The Suzuki SA-310 Swift Memorial Page
Alas, I never was much of a photographer and so I only have a few snapshots of my own Swift. A full 80% of pictures of the car date from after her total-loss accident in 1998 - not pictures that show her in the way I'd like to remember her... anyway. Here's the Little Swift on the Ukranian/Hungarian border in 1991, and on the steps of the Berlin Reichstag in 1986 (I made a sport of "guerilla parking" my Swift at prestigious or historical places for a while, driving off just in time to avoid trouble):
A thank-you to the best car in the world
The original Suzuki Swift was a great little car. Initially named the SA310, Suzuki only came up with the name Swift some months after its introduction in 1985. Mine was red - Suzuki Happy Red to be precise.
It was an amazingly effective little car. A three-cylindre engine was sufficient to make it fun to drive, despite it being the most economical car available at the time. It drove like a go-cart: direct, precise and with a minimum of comfort. Somehow Suzuki got it right, though: the car was a better drive than any other sub-subcompact.
Although the Swift has a rather average performance in real term, being so small and close to the road even normal speeds become exhilarating. In fact, the small engine could be driven flat-out without anyone else noticing your sporty driving ambitions. That made every trip a discrete sort of racing experience...

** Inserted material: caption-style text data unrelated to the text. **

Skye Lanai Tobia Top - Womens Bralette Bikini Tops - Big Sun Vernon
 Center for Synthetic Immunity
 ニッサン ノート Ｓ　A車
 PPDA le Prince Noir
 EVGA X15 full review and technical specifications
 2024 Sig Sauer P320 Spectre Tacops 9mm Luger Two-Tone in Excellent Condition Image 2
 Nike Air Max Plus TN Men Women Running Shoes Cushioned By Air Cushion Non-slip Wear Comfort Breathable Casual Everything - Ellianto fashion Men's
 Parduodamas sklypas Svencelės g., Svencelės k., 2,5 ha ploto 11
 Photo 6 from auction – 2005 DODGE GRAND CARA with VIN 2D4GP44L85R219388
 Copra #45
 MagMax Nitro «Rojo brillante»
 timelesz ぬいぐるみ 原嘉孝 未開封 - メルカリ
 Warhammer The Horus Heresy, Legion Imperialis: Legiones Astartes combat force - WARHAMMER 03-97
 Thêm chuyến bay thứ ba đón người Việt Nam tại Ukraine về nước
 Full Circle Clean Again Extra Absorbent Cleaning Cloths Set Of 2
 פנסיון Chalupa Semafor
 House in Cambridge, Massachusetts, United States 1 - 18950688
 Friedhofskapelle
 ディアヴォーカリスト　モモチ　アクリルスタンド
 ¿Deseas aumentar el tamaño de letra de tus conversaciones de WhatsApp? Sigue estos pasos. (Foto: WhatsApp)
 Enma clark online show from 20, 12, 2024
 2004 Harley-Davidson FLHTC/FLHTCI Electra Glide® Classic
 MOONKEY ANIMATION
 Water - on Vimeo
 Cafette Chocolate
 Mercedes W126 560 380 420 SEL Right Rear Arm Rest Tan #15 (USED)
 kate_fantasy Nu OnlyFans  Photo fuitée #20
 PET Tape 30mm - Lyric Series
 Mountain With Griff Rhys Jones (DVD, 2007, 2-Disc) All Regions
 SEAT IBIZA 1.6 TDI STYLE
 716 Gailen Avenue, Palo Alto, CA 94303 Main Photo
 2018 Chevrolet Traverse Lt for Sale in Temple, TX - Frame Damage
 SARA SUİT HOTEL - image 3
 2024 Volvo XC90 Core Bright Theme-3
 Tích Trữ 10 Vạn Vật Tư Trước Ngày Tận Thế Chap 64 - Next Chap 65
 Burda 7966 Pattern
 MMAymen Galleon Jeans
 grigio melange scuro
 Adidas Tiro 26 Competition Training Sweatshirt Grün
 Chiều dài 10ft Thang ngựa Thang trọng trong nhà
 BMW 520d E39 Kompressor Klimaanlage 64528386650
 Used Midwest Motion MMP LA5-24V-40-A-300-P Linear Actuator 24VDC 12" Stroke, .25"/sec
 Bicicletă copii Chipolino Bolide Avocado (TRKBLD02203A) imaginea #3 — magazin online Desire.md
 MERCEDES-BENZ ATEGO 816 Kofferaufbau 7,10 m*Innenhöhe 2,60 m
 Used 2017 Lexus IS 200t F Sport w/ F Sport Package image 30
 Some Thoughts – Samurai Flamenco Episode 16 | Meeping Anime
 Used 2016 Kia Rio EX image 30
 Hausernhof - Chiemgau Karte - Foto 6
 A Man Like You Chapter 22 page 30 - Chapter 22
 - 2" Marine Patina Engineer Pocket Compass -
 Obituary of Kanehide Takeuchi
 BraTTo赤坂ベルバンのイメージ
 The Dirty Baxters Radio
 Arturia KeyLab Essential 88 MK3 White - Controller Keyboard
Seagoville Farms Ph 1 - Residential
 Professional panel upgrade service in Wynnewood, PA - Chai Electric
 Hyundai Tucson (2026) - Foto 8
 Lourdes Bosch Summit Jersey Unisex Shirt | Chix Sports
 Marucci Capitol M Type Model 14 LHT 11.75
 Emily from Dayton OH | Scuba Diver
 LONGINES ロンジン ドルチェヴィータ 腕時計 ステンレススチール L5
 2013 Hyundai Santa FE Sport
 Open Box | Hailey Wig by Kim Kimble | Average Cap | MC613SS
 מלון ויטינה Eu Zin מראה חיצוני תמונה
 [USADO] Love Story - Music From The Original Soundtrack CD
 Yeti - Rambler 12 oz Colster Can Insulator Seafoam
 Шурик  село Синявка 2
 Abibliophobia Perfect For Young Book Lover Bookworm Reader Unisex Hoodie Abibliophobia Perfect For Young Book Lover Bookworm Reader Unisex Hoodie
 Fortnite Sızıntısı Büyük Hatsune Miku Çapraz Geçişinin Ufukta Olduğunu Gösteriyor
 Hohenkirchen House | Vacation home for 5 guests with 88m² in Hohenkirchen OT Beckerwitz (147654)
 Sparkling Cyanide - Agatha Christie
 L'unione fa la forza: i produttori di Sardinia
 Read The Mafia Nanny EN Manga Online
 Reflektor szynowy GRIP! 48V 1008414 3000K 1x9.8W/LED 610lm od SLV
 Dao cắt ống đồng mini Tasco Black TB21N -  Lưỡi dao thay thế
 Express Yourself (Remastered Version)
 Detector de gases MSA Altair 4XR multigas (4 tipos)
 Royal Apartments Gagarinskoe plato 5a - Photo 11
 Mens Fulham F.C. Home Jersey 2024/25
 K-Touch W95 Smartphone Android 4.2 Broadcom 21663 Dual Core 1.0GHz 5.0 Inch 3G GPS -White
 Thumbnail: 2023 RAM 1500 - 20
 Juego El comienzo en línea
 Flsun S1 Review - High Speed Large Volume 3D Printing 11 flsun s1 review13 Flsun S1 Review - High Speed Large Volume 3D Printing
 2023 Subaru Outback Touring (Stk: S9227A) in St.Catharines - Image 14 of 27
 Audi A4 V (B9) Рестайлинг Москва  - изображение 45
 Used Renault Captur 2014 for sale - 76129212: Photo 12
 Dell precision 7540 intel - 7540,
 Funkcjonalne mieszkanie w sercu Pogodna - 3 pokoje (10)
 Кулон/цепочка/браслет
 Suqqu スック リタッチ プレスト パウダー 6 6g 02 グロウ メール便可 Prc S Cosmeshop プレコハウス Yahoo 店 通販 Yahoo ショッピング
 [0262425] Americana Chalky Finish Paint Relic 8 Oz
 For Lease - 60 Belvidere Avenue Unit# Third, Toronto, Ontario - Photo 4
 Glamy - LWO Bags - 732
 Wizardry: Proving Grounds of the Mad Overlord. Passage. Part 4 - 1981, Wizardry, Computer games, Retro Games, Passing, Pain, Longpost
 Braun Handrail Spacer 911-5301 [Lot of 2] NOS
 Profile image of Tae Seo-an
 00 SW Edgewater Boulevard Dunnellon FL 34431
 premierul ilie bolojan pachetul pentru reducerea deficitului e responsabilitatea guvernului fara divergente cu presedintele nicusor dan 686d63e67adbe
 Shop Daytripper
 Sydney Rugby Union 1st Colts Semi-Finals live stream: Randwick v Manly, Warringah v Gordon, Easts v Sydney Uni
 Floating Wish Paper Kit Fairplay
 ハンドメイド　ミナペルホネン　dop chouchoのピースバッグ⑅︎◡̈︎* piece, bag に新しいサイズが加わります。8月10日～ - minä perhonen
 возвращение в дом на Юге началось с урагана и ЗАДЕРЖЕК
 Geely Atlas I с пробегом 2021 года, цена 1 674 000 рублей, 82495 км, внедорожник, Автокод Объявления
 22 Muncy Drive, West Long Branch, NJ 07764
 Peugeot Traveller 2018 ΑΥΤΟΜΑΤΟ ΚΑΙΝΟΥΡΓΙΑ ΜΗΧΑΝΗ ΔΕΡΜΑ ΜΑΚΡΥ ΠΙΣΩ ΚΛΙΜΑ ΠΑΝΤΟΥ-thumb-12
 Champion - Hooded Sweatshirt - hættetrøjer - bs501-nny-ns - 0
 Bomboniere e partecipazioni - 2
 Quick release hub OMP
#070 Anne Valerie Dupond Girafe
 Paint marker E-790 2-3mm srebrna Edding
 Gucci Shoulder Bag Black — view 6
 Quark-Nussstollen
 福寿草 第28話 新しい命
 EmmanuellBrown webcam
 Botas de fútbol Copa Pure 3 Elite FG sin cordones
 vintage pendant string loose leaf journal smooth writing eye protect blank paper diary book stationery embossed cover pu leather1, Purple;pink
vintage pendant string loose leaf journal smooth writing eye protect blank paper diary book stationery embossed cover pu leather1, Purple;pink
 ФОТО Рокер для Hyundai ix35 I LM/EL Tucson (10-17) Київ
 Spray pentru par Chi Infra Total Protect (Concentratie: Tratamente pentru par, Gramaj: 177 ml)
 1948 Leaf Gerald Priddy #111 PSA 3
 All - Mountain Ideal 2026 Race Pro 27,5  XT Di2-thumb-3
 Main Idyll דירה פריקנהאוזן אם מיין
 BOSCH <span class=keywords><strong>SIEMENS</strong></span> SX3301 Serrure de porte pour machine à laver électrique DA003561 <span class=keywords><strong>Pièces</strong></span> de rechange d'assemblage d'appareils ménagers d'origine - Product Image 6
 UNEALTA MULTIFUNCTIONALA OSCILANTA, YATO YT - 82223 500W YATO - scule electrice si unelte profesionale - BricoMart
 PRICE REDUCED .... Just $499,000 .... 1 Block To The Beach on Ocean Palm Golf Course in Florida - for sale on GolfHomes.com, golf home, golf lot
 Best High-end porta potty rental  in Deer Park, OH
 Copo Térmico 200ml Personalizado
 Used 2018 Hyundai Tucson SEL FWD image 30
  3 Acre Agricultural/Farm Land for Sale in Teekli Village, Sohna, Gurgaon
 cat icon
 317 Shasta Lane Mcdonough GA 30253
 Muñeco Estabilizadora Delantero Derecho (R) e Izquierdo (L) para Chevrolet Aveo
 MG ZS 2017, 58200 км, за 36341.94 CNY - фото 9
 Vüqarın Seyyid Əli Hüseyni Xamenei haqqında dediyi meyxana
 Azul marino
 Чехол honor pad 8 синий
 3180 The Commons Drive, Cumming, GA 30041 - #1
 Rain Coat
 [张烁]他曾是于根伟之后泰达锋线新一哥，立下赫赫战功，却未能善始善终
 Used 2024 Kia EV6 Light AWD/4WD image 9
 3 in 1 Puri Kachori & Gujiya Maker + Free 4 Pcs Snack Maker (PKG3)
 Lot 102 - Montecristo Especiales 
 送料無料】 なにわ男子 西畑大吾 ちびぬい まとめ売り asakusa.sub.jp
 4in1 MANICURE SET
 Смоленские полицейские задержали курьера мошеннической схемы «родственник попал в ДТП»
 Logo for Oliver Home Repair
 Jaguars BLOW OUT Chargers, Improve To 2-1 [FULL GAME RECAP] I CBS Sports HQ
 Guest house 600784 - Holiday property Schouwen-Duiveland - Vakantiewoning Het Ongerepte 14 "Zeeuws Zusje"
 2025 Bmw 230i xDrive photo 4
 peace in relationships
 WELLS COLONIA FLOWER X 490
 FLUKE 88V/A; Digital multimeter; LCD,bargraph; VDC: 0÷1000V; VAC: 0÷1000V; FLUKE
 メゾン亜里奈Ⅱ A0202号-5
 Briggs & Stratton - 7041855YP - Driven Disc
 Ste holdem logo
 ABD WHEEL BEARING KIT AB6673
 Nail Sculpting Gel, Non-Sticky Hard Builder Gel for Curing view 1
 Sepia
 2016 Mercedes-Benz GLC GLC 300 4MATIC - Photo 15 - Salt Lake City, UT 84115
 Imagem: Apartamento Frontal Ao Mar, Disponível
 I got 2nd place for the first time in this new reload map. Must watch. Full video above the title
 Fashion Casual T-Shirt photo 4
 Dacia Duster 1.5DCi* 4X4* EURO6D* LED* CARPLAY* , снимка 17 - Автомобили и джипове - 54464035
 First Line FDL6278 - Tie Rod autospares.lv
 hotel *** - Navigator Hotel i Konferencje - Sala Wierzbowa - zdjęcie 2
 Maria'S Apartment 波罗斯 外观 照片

The best thing about this car, however, was not its go-kart sporty feel but the fact that it never broke down. In fact, I had mine for 12 years and only had it serviced three times. After the Berlin Wall fell, I made many trips through Central and Eastern Europe and I started to appreciate the sturdy build of the car, driving up mountain roads in the middle of the winter, on fuel that any other Western car choked on. The only time the car let me down was at 200,000 kilometers and 300 meters, when she all of a sudden came to a full stop on the motorway, just as I was loudly praising her reliability. In the end, it turned out that she had simply run out of fuel... as I could have known.